Automatically generate Sitemaps
Closed, ResolvedPublic

Description

Sitemaps are used in the field of SEO for telling search engines what's available on a site. While there are extensions that generate sitemaps automatically, they are not that great (T1558). What I'd like to see is a script that automatically generates sitemaps for public wikis using generateSitemap.php. These wouldn't have to be updated that often, but maybe once a week/two weeks/month, depending on how long it takes.

If possible, it would be best to add the sitemaps to each wiki's respective robots.txt file, as:

Sitemap: http://example.com/sitemap_location.xml

I'm not sure what the process to do that would be, as it's currently a static file. Puppet templates? Do I need to write a PHP script to serve it?

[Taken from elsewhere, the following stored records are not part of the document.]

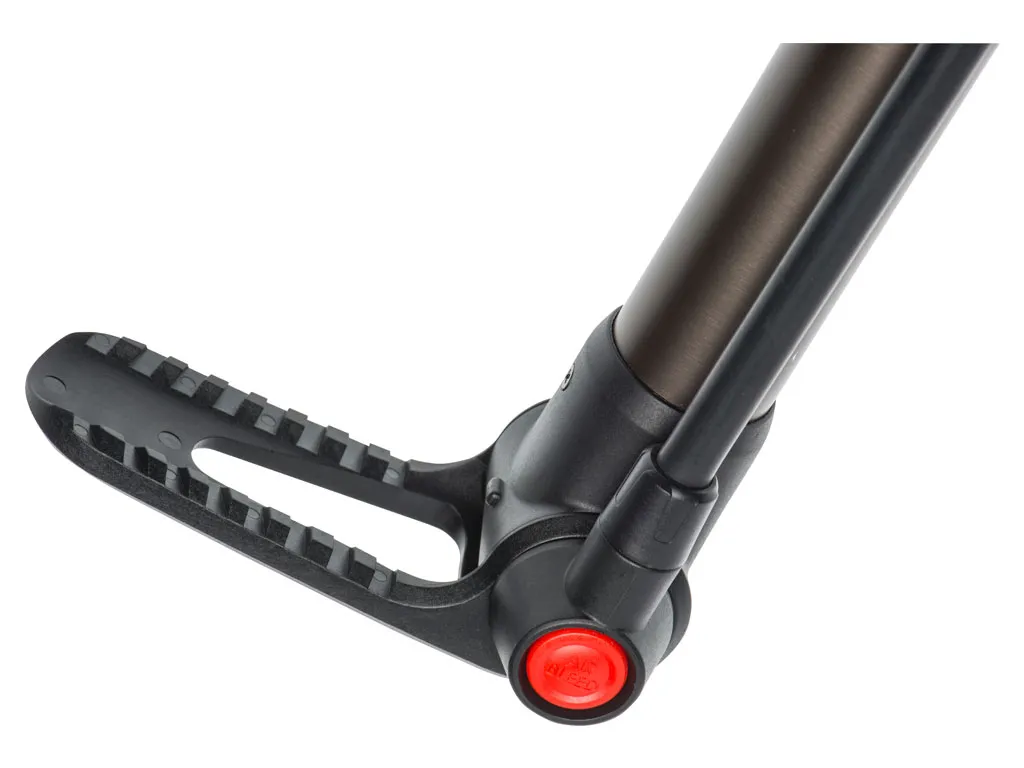 BLACKBURN MAMMOTH FLIP PUMP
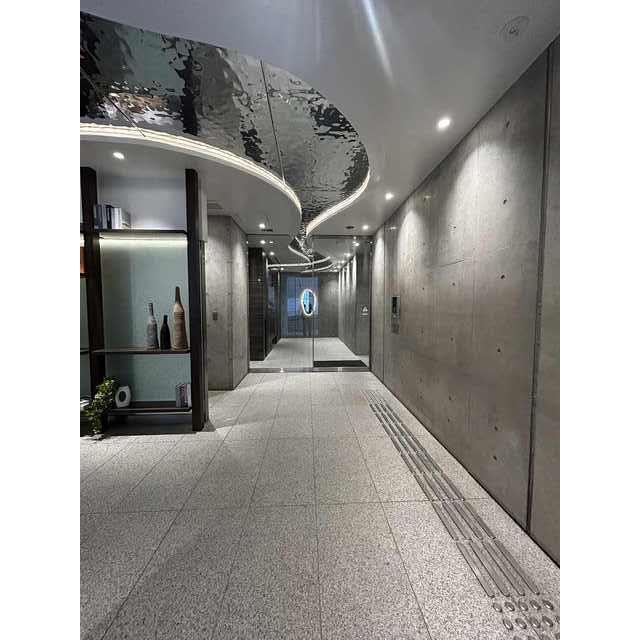 メゾン・ド・ヴィレ麻布台1405号室 外観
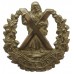 Queen's Own Cameron Highlanders Cap Badge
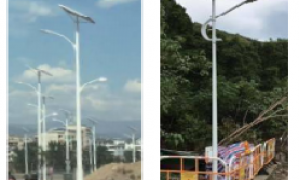 2026年太阳能路灯源头厂家综合实力推荐，客户口碑力荐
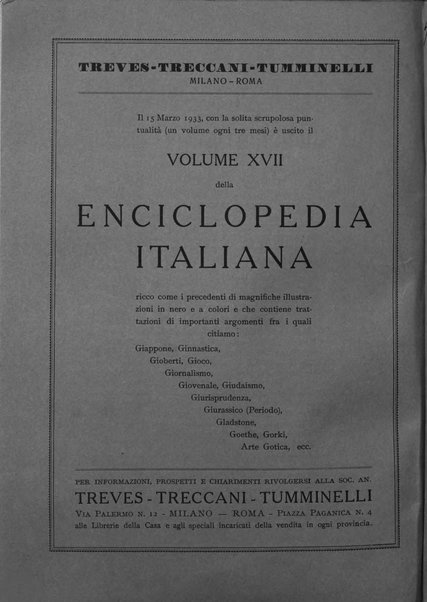 Leonardo rassegna mensile della coltura italiana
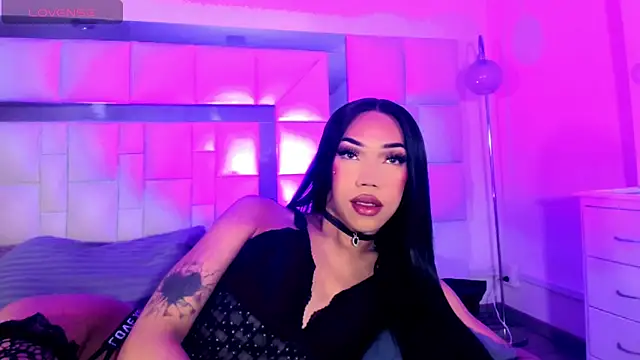 Nikita Gers online show from December 3, 4:39 am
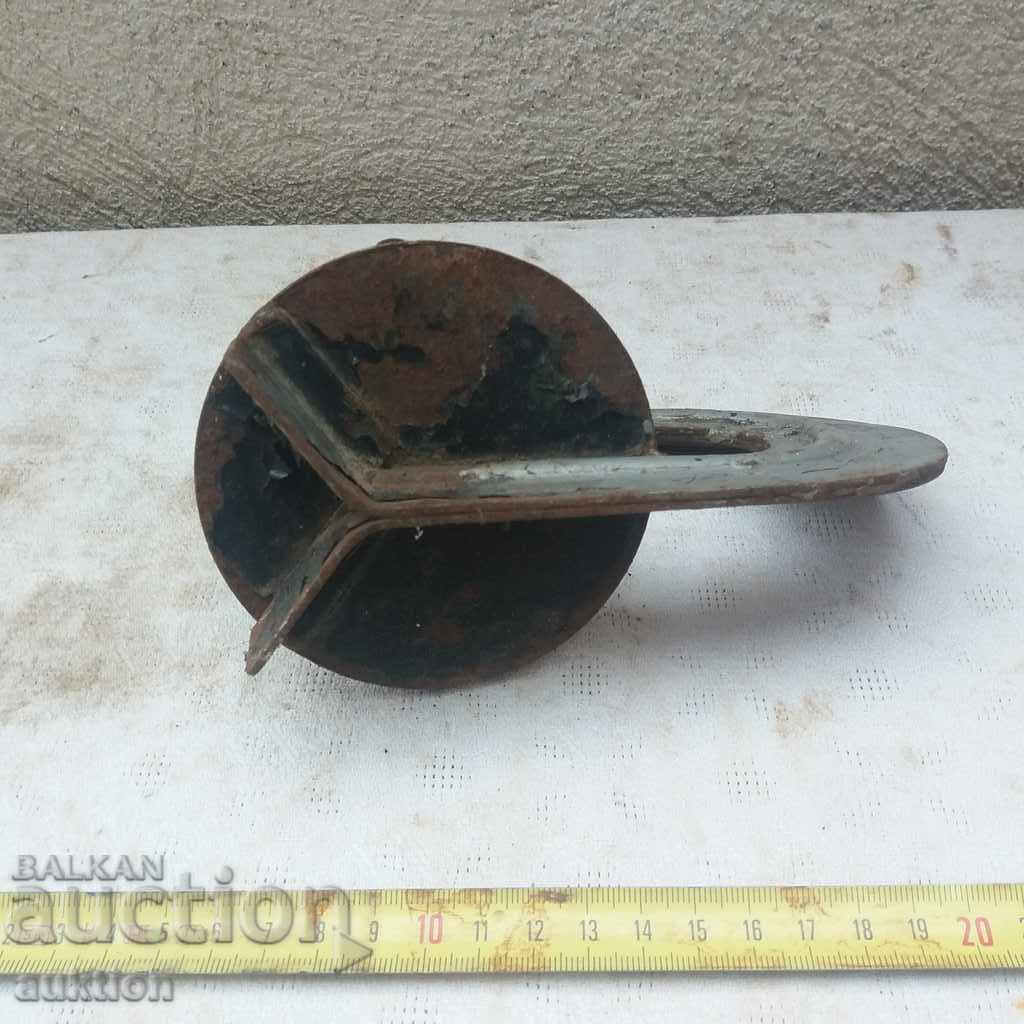 OLD WORKING LOVE, VULCANIZER - 6 OLD WORKING LOVE, VULCANIZER - 6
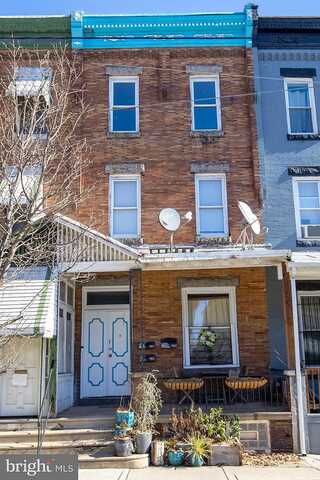 48Th, PHILADELPHIA, PA 19131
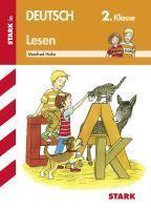 Training Grundschule - Deutsch Lesen 2. Klasse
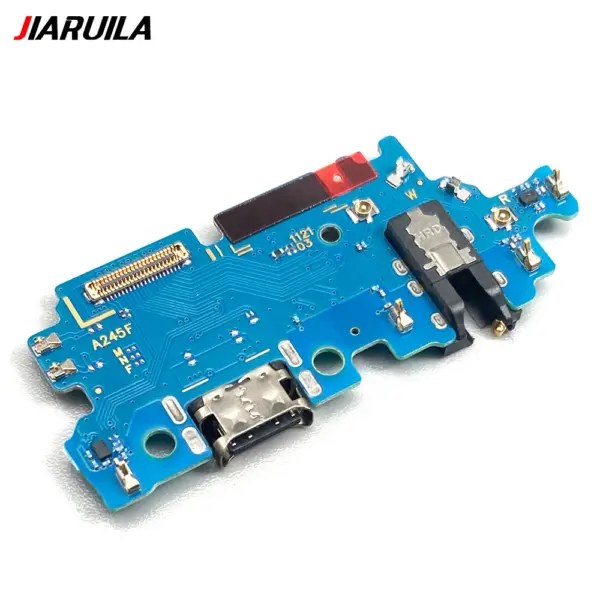 Samsung USB Charging Flex Cable with Microphone IC - Image 2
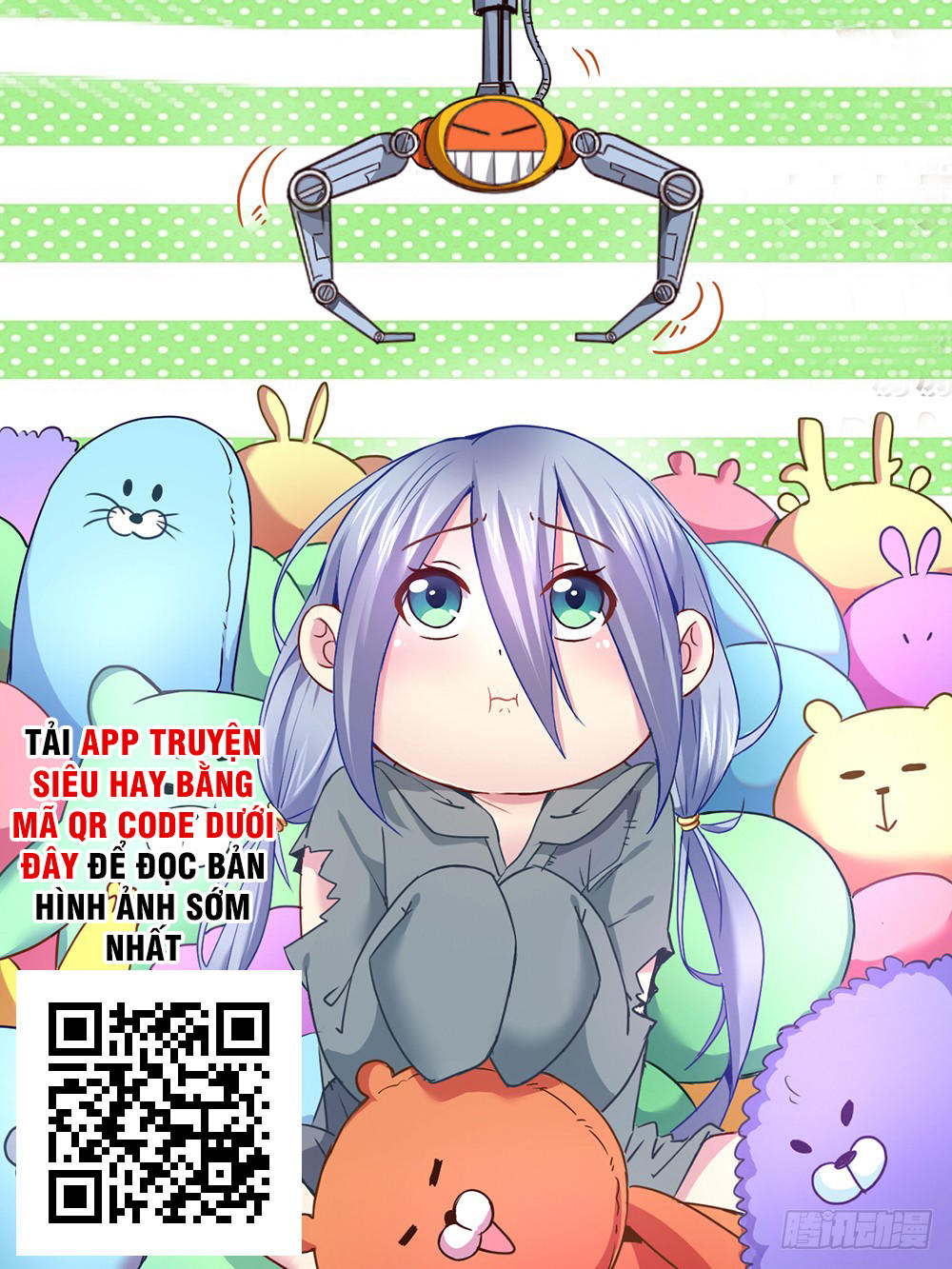 Ta Có Phòng Riêng Thời Tận Thế Chapter 10.2 - Trang 2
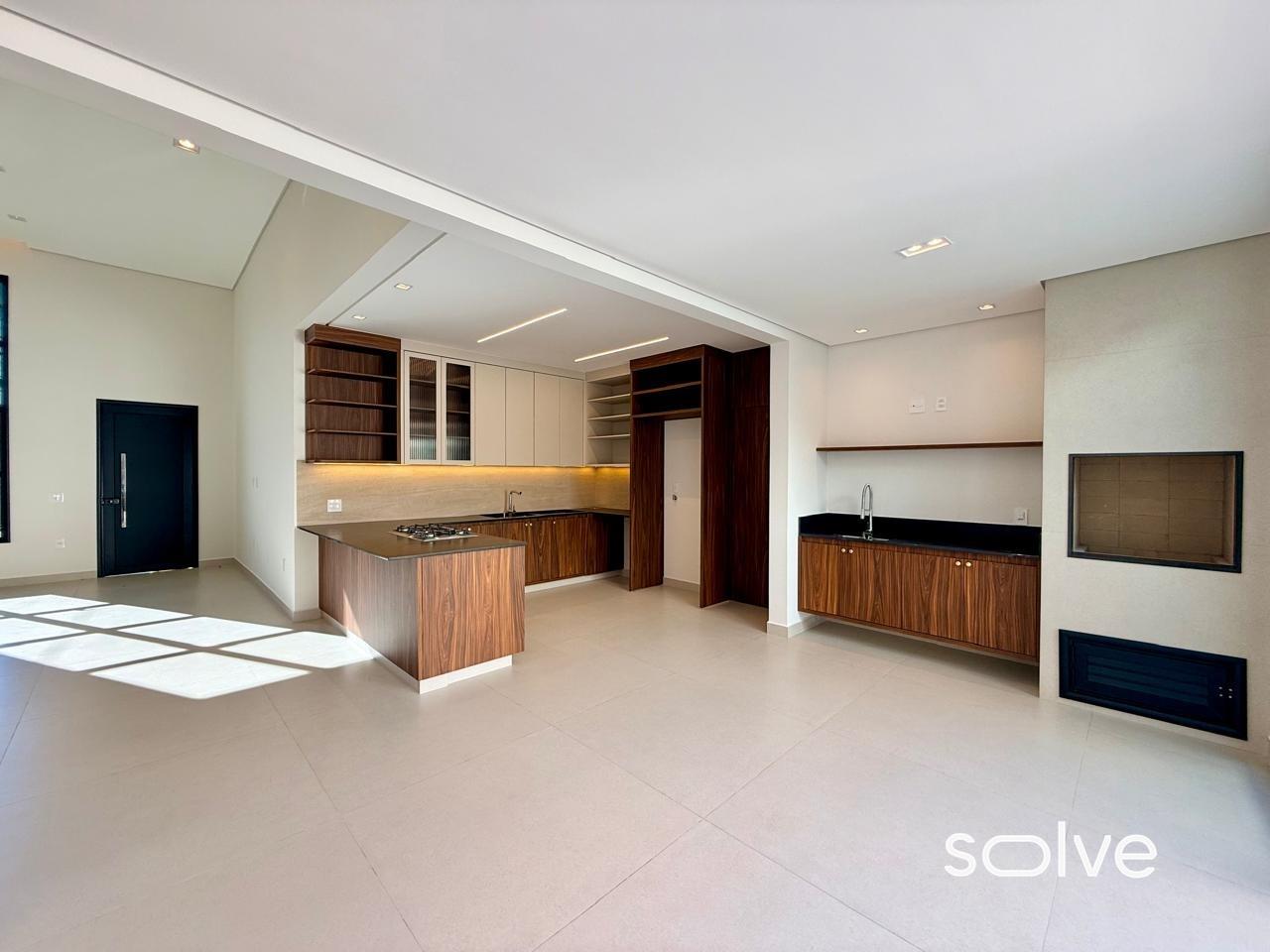Casa em Condomínio à venda em Indaiatuba - Jardim Laguna por 1.790.000,00:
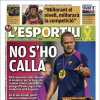 L'Esportiu: "No se lo calla"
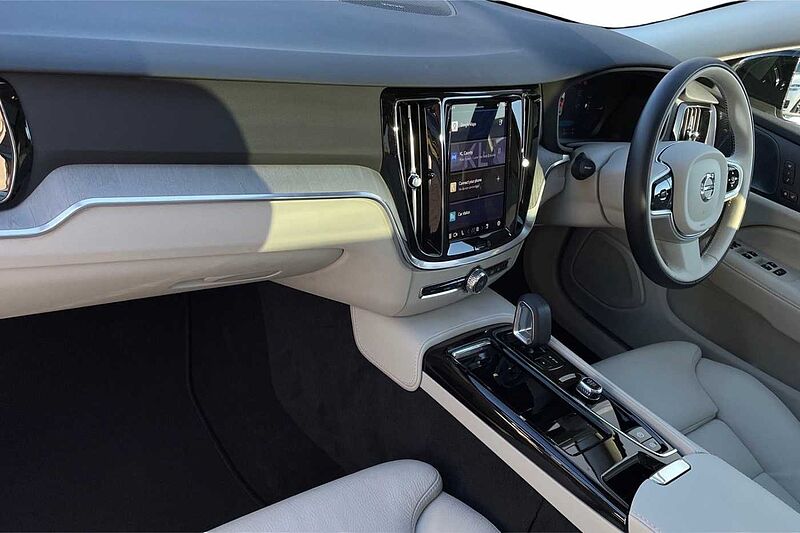 Volvo V60 Estate (2018 - )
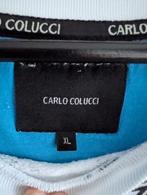 Carlo Colucci trui, Kleding | Heren, Overige kleuren, Maat 56/58 (XL), Ophalen of Verzenden, Zo goed als nieuw
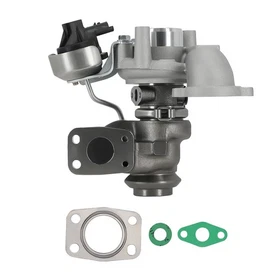 NEW Turbolader for PEUGEOT 2008 I 208 I 3008 301 308 II 1.6 HDi 100 Turbocharger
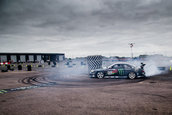 Gymkhana GRiD 2015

Without this, wikis would have to manually submit sitemaps with webmaster tools, which is less than awesome.

Details

Commits
Unknown Object (Diffusion Commit)
Unknown Object (Diffusion Commit)

Event Timeline

labster created this task.May 8 2017, 07:39
John added a subscriber: John.May 8 2017, 08:30

It would have to be a php script.

Things to overcome;
a) all static files are shared
b) limited space
c) there's one robots.txt for all wikis.

John triaged this task as Normal priority.May 12 2017, 15:48
Reception123 mentioned this in Unknown Object (Diffusion Commit).Jul 14 2017, 08:43
John added a comment.Jun 28 2018, 18:55

With swift we lose our static data point so this task has potentially gotten more complicated.

John lowered the priority of this task from Normal to Low.Jun 28 2018, 18:55
Paladox added a subscriber: Paladox.Aug 3 2018, 02:24

We have moved to lizardfs from swift.

Paladox raised the priority of this task from Low to Normal.Sep 15 2018, 15:43
Paladox lowered the priority of this task from Normal to Low.Sep 20 2018, 22:05
eldrago added a subscriber: eldrago.Oct 13 2018, 21:04
John assigned this task to Paladox.Nov 16 2018, 18:27
John moved this task from Backlog to Operations on the Goal-2018-Jul-Dec board.
Paladox raised the priority of this task from Low to Normal.Nov 16 2018, 18:28
Paladox added a commit: Unknown Object (Diffusion Commit).Nov 16 2018, 20:48
Paladox added a comment.Nov 16 2018, 22:13

The infrastructure now supports sitemaps (see https://meta.miraheze.org/sitemap !)

We just need to create a script that runs generateSitemap.php like "php maintenance/generateSitemap.php --fspath=/mnt/mediawiki-static/sitemaps/meta.miraheze.org --identifier=metawiki --urlpath=https://meta.miraheze.org/ --server=https://meta.miraheze.org --compress=yes --wiki=metawiki"

So im thinking something like

"php maintenance/generateSitemap.php --fspath=/mnt/mediawiki-static/sitemaps/"$wgServer" --identifier="$wgDBname" --urlpath="https://$wgServer/" --server="https://$wgServer" --compress=yes --wiki="$wgDBname""

Paladox added a comment.Dec 2 2018, 02:10

I've started /usr/bin/nice -19 /usr/local/bin/foreachwikiindblist /srv/mediawiki/dblist/all.dblist /srv/mediawiki/w/extensions/MirahezeMagic/maintenance/generateMirahezeSitemap.php

Paladox added a comment.Dec 2 2018, 02:41

Turns out storage is not a problem.

It's only 37MB for all wikis.

Paladox closed this task as Resolved by committing Unknown Object (Diffusion Commit).Dec 2 2018, 02:44
Paladox added a commit: Unknown Object (Diffusion Commit).